[Dataset items]
/---

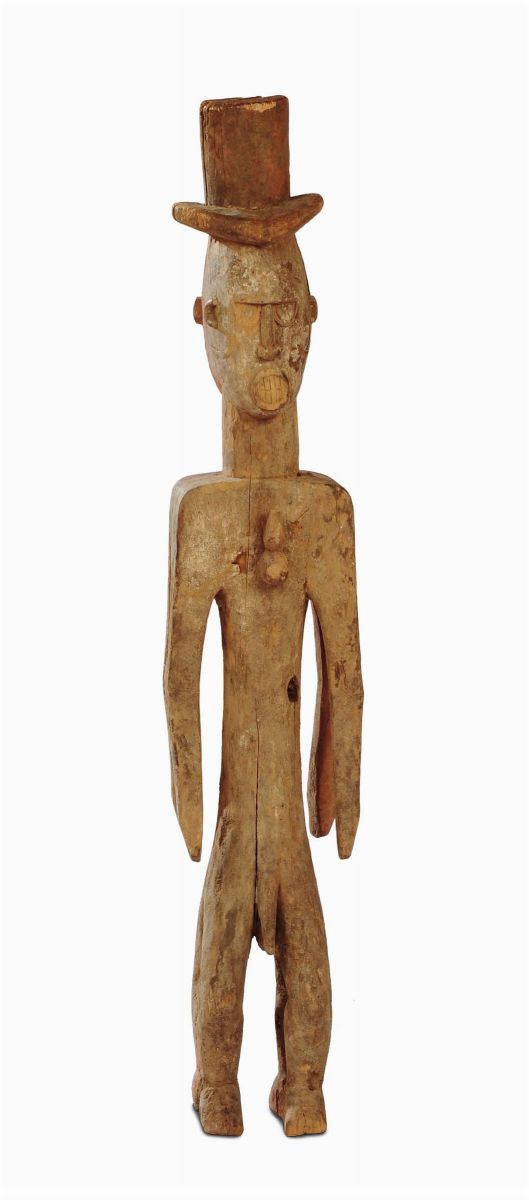 Rara Scultura Rituale Giano Urhobo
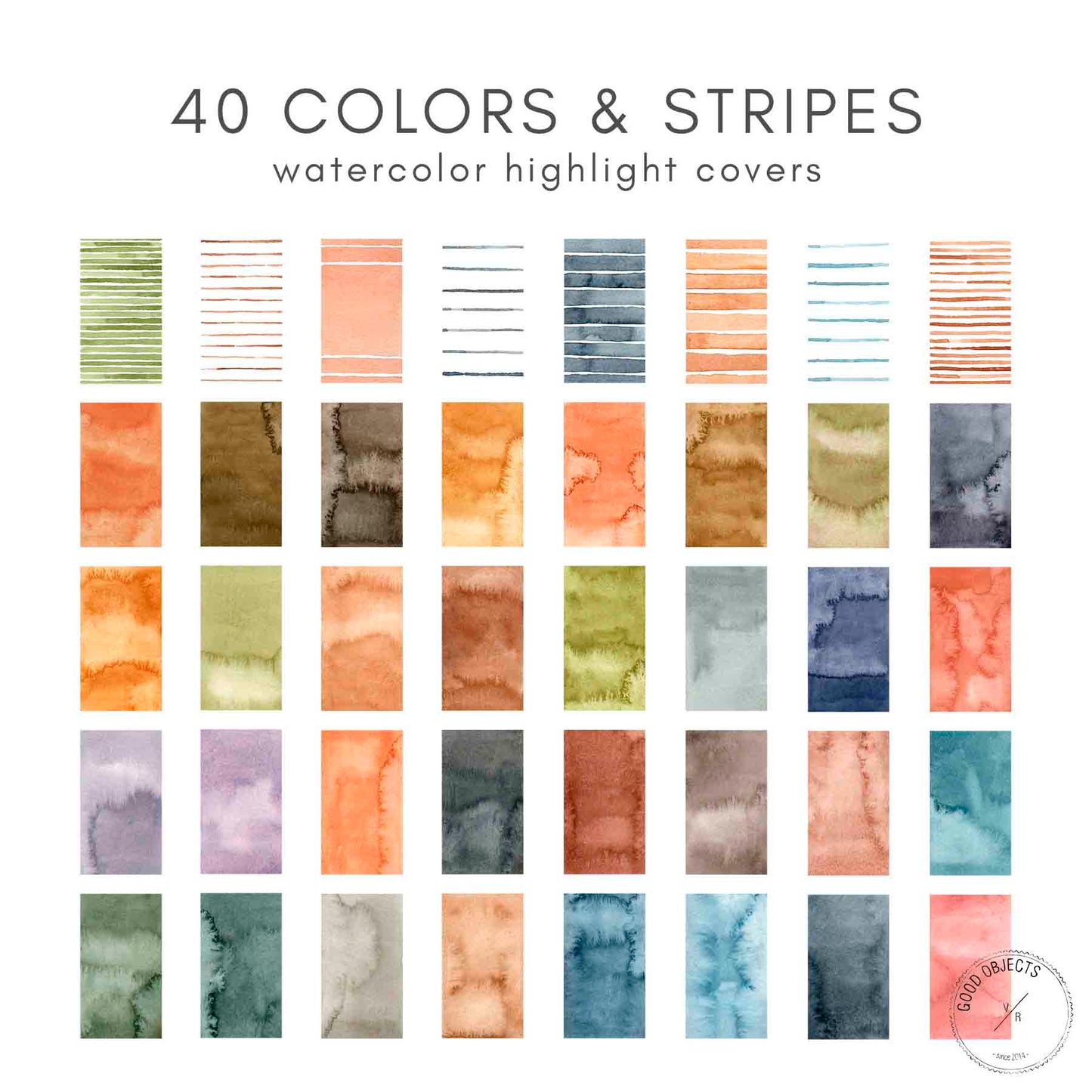 colors and stripes highlight covers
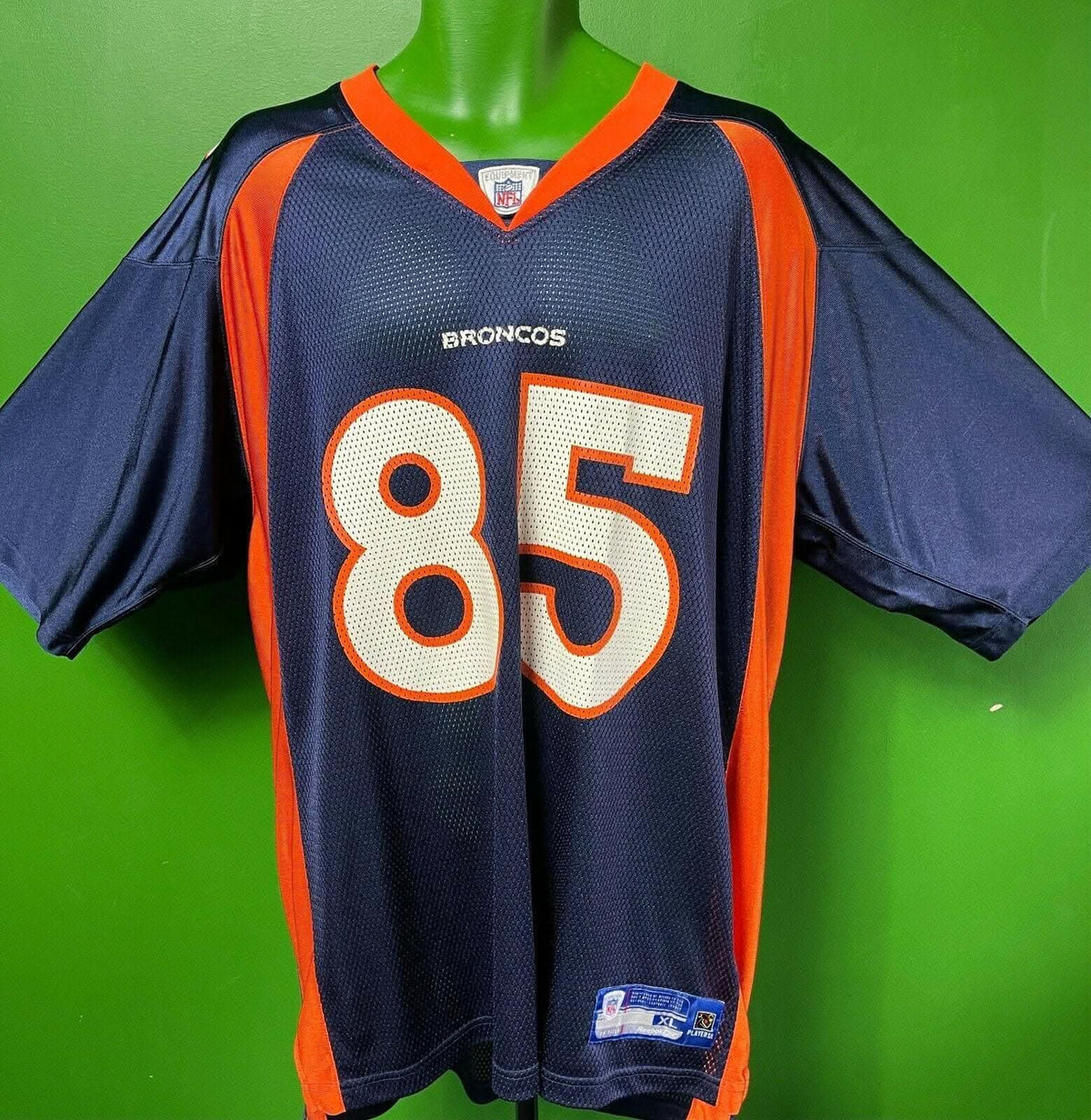 NFL Denver Broncos Ashley Lelie #85 Reebok Jersey Men's X-Large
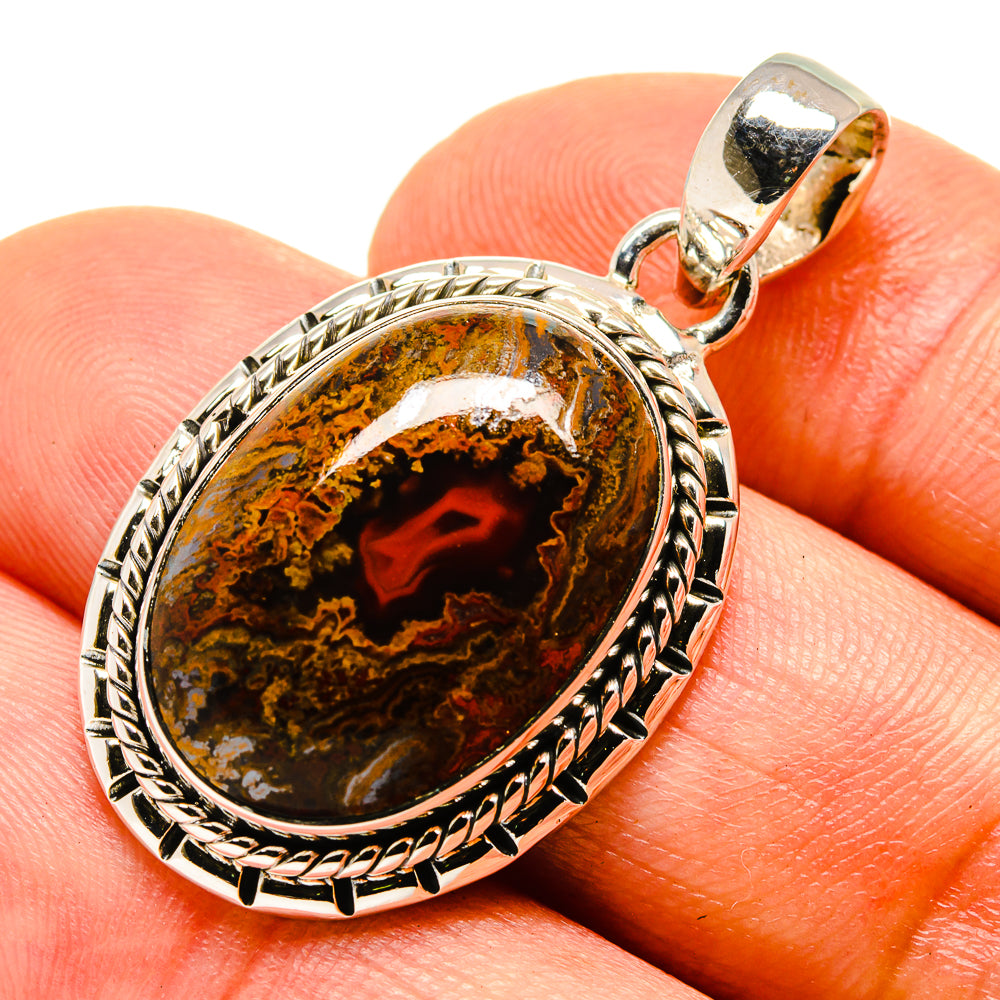 Moroccan Agate Pendants handcrafted by Ana Silver Co - PD755388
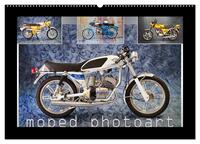 moped photoart (Wandkalender 2025 DIN A2 quer), CALVENDO Monatskalender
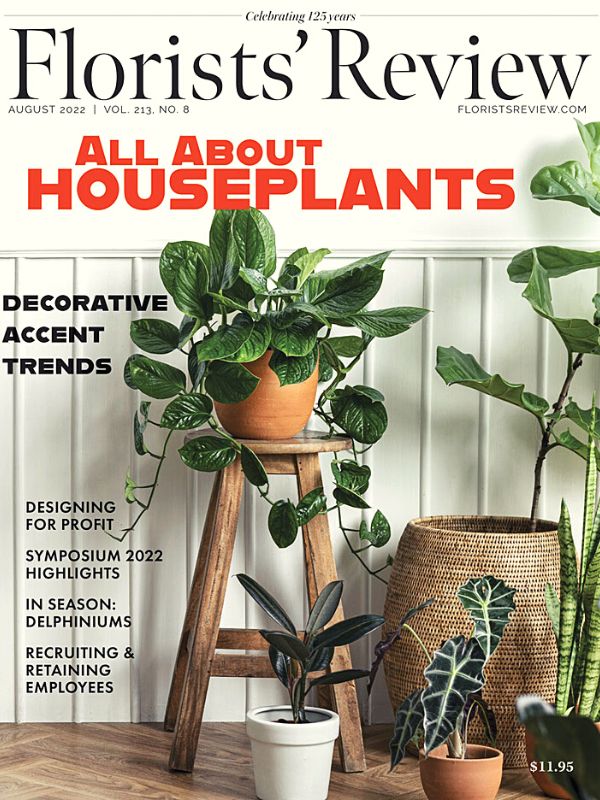 Cover Florists' Review August on Thursd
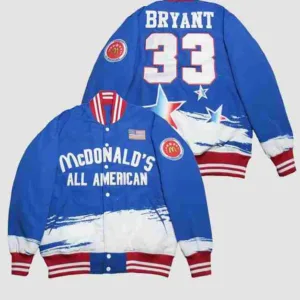 McDonald’s All American Kobe Blue Varsity Jacket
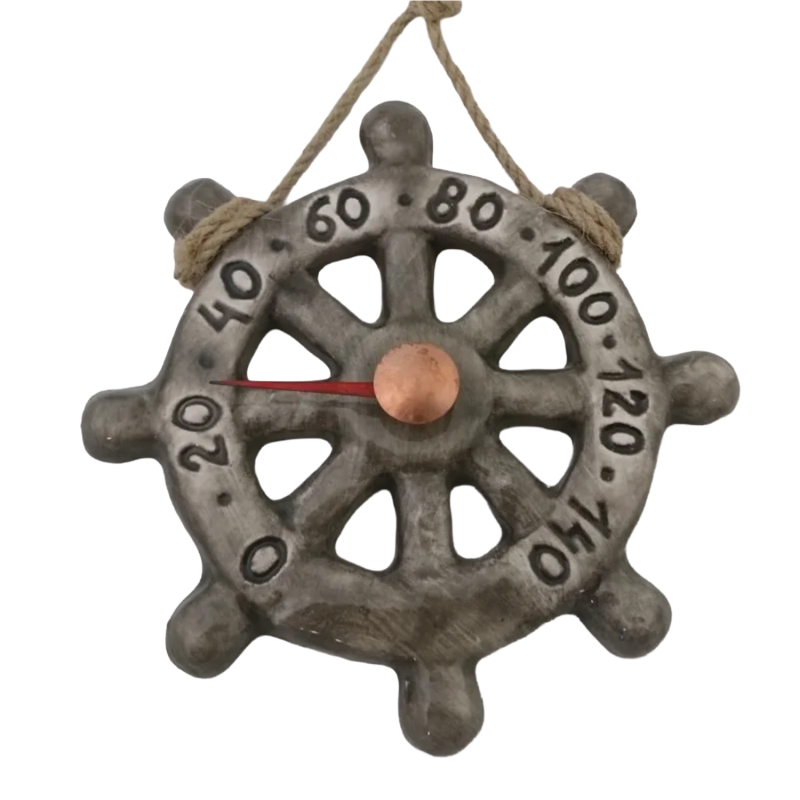 Keramický teploměr do sauny - kolečko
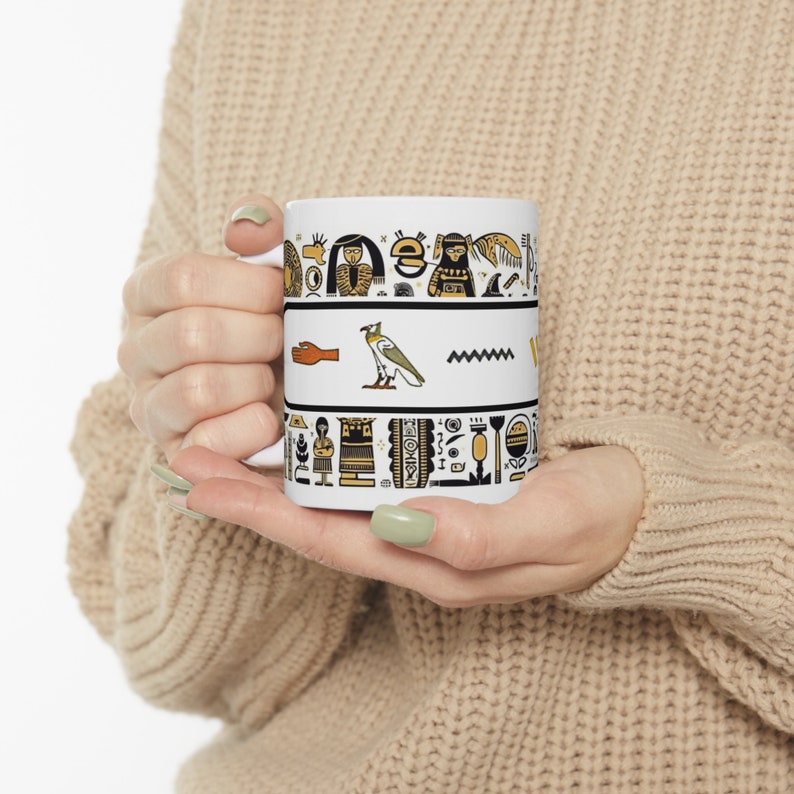 Your Name "Daniel" in Egyptian Hieroglyph Alphabet Mug Egypt Mug Travel Mug Souvenir Mug image 2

\---

◆ EXERCISE AIM ◆
All lines between the one that contains "moped photoart (Wandkalender" and the end of the records above, both included, are to be returned exactly as they stand, except for pictures, which are omitted.

◆ TASK RESULT ◆
 moped photoart (Wandkalender 2025 DIN A2 quer), CALVENDO Monatskalender
 Cover Florists' Review August on Thursd
 McDonald’s All American Kobe Blue Varsity Jacket
 Keramický teploměr do sauny - kolečko
 Your Name "Daniel" in Egyptian Hieroglyph Alphabet Mug Egypt Mug Travel Mug Souvenir Mug image 2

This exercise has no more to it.